71 Ark. 206 | Ark. | 1903
(after stating the facts.) This was a suit in equity to enjoin two judgments; one a judgment for money and the other a judgment in ejectment for the recovery of land, the latter judgment being based on an execution sale under the former judgment. It seems to have been conceded on the trial that the judgment in the action of ejectment was invalid by reason of the fact that there was no summons served upon Thomas, the defendant in that action, and no question is made here as to that judgment. As to the money judgment, the special chancellor found that the evidence was not sufficient to overcome the presumption arising from the recital of service in the record and the return, of the officer that he had served the summons upon the defendant. He therefore held that the judgment was valid and binding upon defendant. After considering the evidence, we are of the opinion that this ruling was correct.

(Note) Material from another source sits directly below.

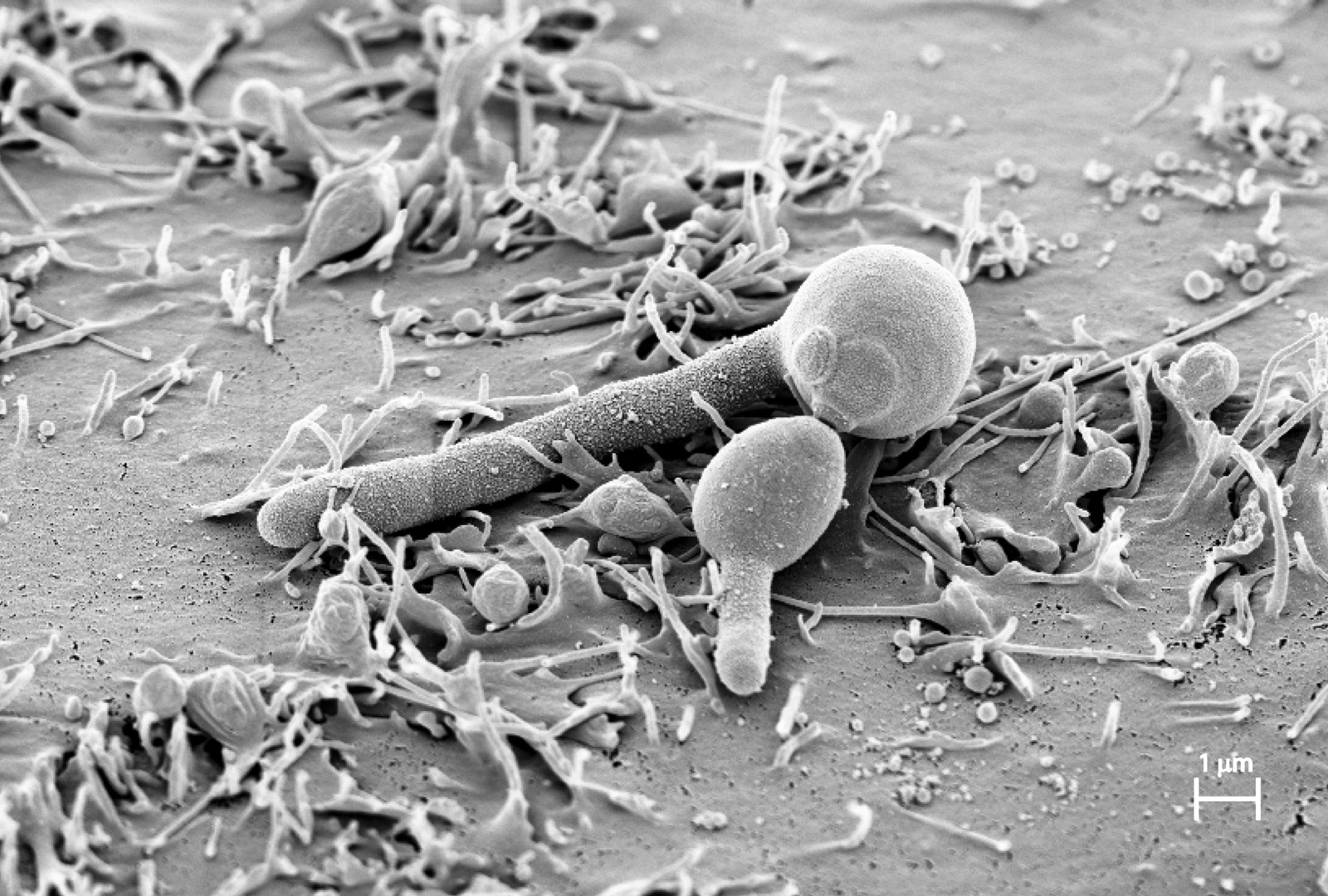 ADHS Kinder, Candida Kinder, ADHS durch Candida, Candida verursacht ADHS, ADHS & Candida, Darmsanierung bei ADHS,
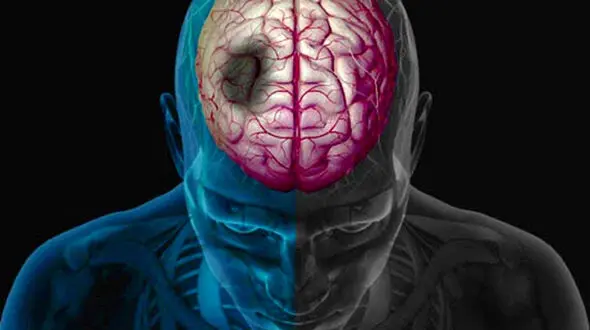 رابطه تزریق واکسن آنفلوانزا و کاهش خطر سکته مغزی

On the next point, as to whether the land seized and sold under the execution was the homestead of the defendant, the chancellor found that Thomas was for a period of about ten years the head of a family, and resided upon the land in question, of which he was the owner, and that he has continued to reside upon this land, .and still resides upon it, and claims it as a homestead. The chancellor thereupon held that the land was his homestead, and exempt from execution. On this question, we feel that there is more room for doubt, but, after consideration of the evidence, we think it is sufficient to uphold the finding that Thomas after the death of his father owned and lived upon this 110 acres of land, that his mother and a single sister lived with him, that he supported them, and was the’ head of the family. This being so, it follows that he was entitled, as the head of a family, to claim this land as a homestead. Afterwards, in the course of time, his mother and sister died, and he has now no family. But, though a man cannot acquire .a homestead right without a family, yet, when the homestead estate is once acquired, he is not, under the law, as construed by the decisions in this state, deprived of it- by the loss of his family. “When the association of persons which constitutes the family is broken up,- whether by separation or the death of some of the members, the right of homestead continues in the former head of the family, provided he still resides at his old home.” This ruling was made in the case of Stanley v. Snyder, 43 Ark. 429, and, though it has often been criticised, it has been followed in so many cases since that it must now be considered as settled. Under these decisions, we are of the opinion that the decision of the chancellor that the land in question was a homestead is supported by the evidence, and it must be affiimed.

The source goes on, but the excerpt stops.